(PROVIDED DATA)

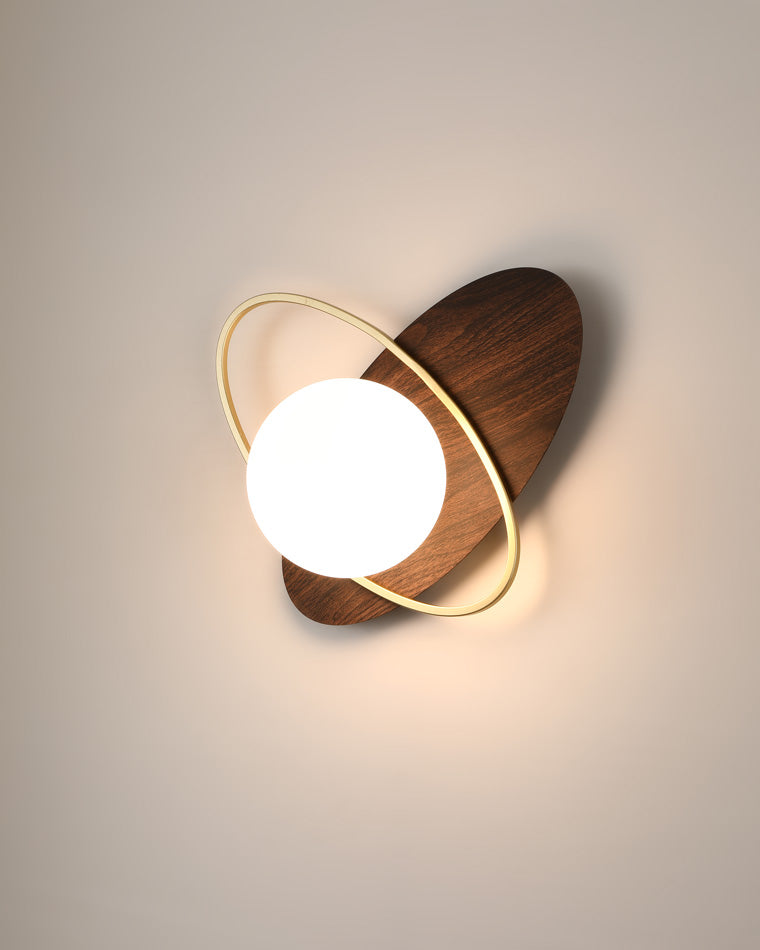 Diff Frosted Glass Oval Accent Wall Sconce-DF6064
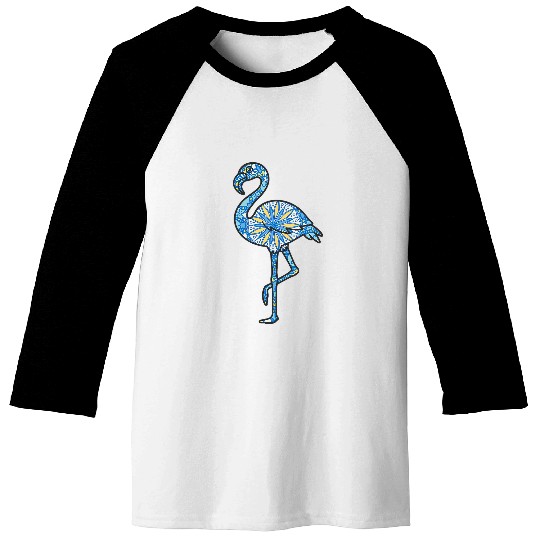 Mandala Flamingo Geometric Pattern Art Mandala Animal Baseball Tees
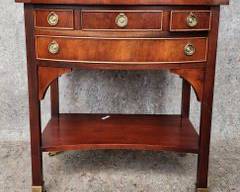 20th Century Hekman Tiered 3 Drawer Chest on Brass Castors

(End PROVIDED DATA)

▶ WORK ORDER
Word for word, repeat all the data, but not its images.

▶ RESPONSE
 Diff Frosted Glass Oval Accent Wall Sconce-DF6064
 Mandala Flamingo Geometric Pattern Art Mandala Animal Baseball Tees
 20th Century Hekman Tiered 3 Drawer Chest on Brass Castors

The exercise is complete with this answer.